Given entries:
____
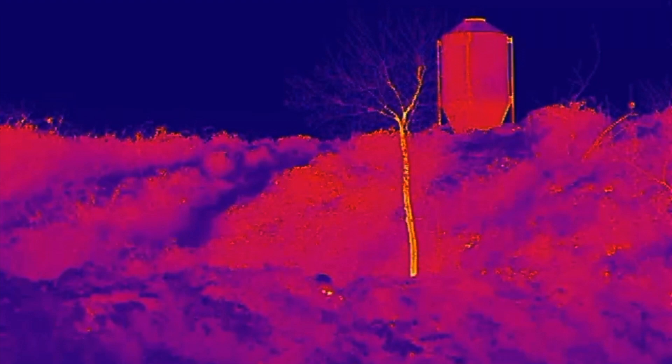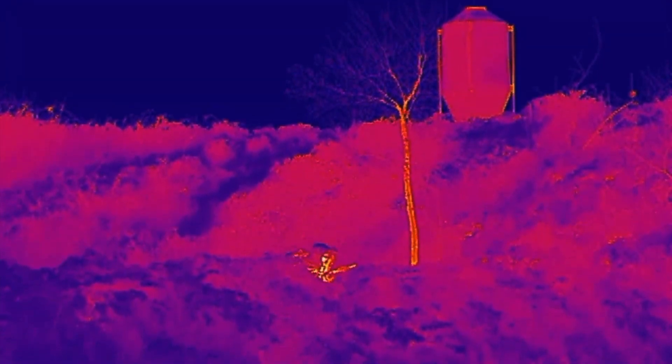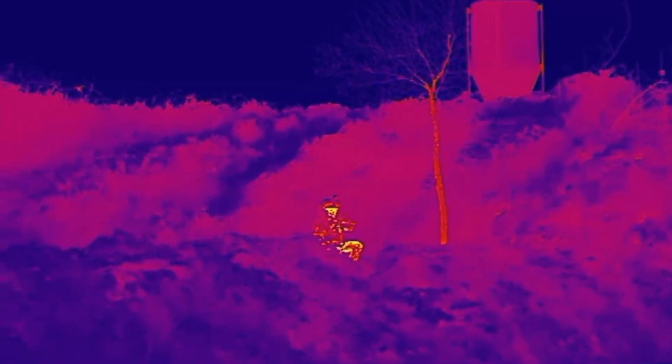Predator greatly disrupts the silhouette of the head and shoulders while covering the back and the arms, including the hands, providing simultaneously visible, near-infrared, and thermal infrared camouflage.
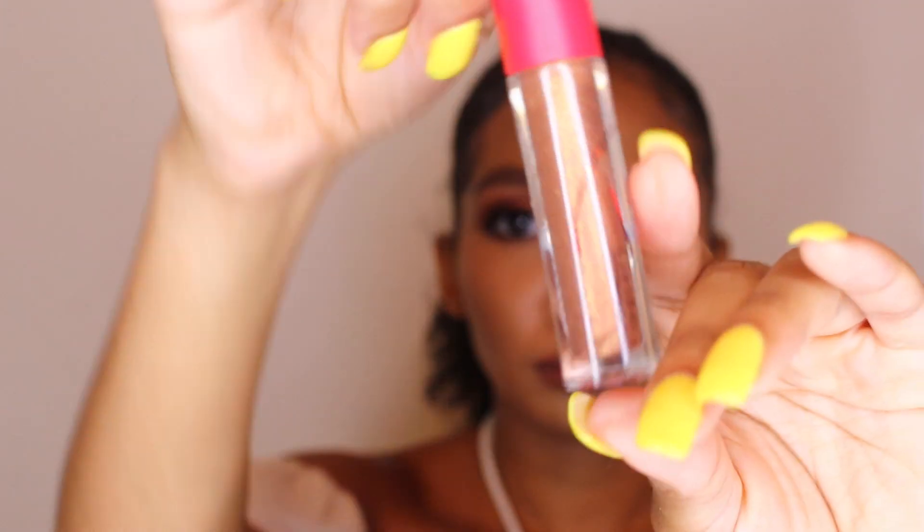I sprayed my face with MAC Fix Plus and that was it, y'all! I hope y'all like this video — I miss y'all so much. I will not be gone this long again. My microphone broke so I had to get a new one, and then my ring light broke — I'm like, why don't they want me to be great? Anyways, I'm being great, I'm back, I love y'all, and I'll see y'all in my next video. Bye!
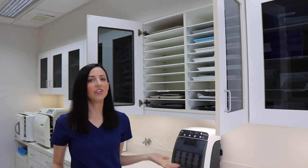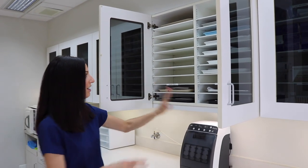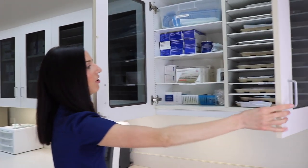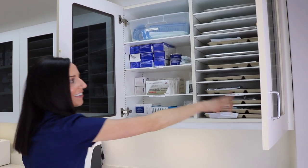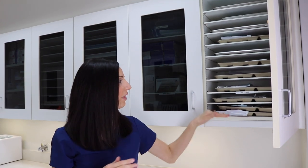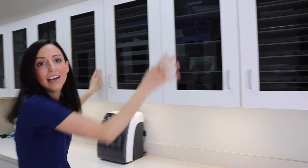Over here we have our pre-made trays. These are all the hygiene trays, which I'll show you in a second. We also have our anesthetic and all the doctor trays — labeled as 'doctor trays.' Throughout the day they're prepped so everyone knows what procedure needs what.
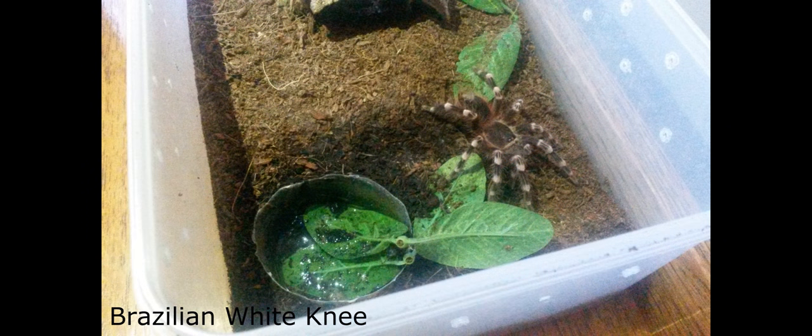Tarantulas' appearance ranges in many colours. This can be white areas on the legs, like the Brazilian white knee, or brighter colours like seen on the green bottle blue, which features blue legs and an orange body.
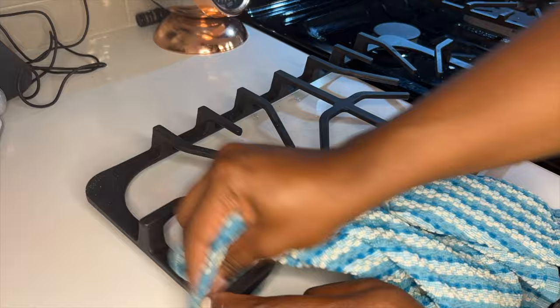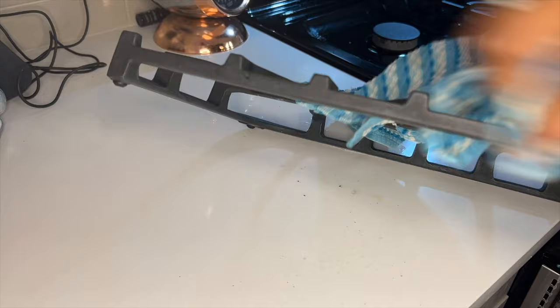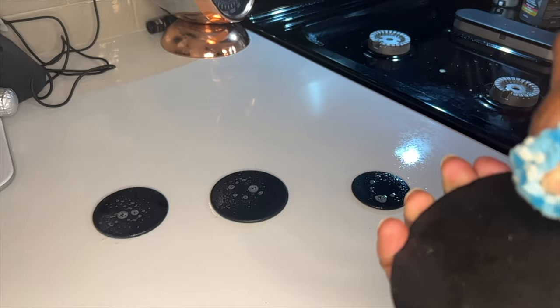I'm scrubbing all over — top to bottom, front and back. This spray can also be used on the stovetop as well as the stove burner protectors. And voila, you have a nice clean stove in a matter of minutes!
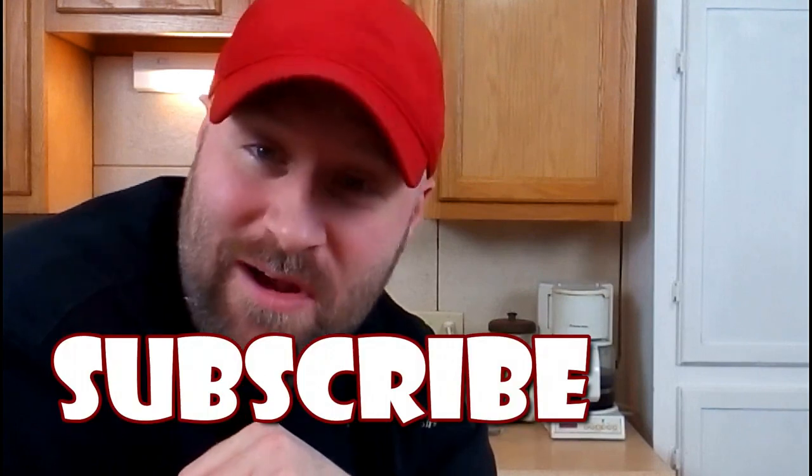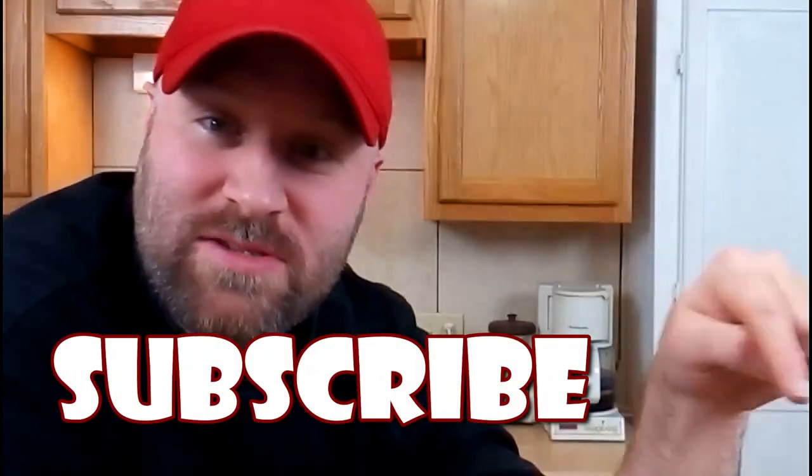So if you enjoyed today's episode, please feel free to hit that like button and also share this video because it really does help my channel grow by helping you reach a broader audience. And also if you're a real fan of the show, feel free to hit that subscribe button — it's right there, you're already on the page.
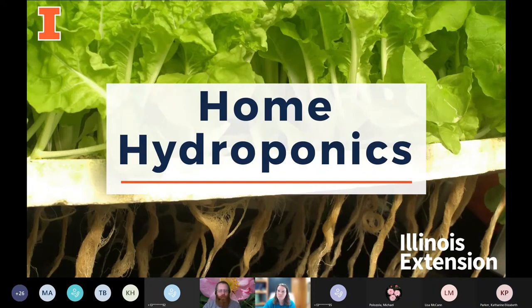Today we're going to talk briefly about home hydroponics — just a brief overview.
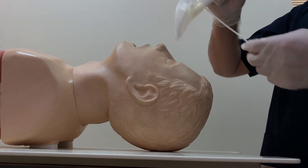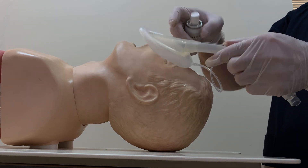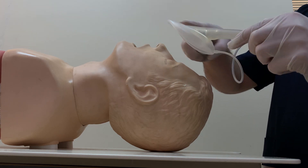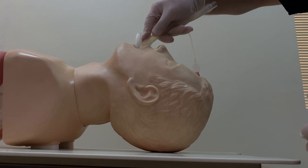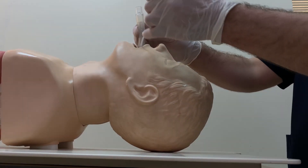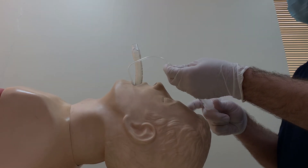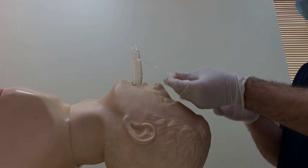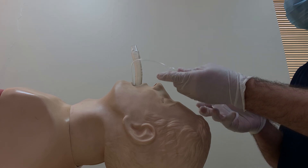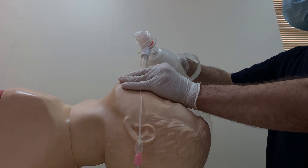We will lubricate the LMA with xylocaine gel. For the purpose of this mannequin, we will lubricate it with this material. It will be inserted until there is resistance, then we inflate the balloon. It is written on the device how much air to push. It may come up slightly — that is okay. It can then be connected to the bag.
____
Task requirements:
Repeat, with no pictures, each line from the beginning of the data through the line containing "I sprayed my", inclusive.

Worked solution:
Predator greatly disrupts the silhouette of the head and shoulders while covering the back and the arms, including the hands, providing simultaneously visible, near-infrared, and thermal infrared camouflage.
I sprayed my face with MAC Fix Plus and that was it, y'all! I hope y'all like this video — I miss y'all so much. I will not be gone this long again. My microphone broke so I had to get a new one, and then my ring light broke — I'm like, why don't they want me to be great? Anyways, I'm being great, I'm back, I love y'all, and I'll see y'all in my next video. Bye!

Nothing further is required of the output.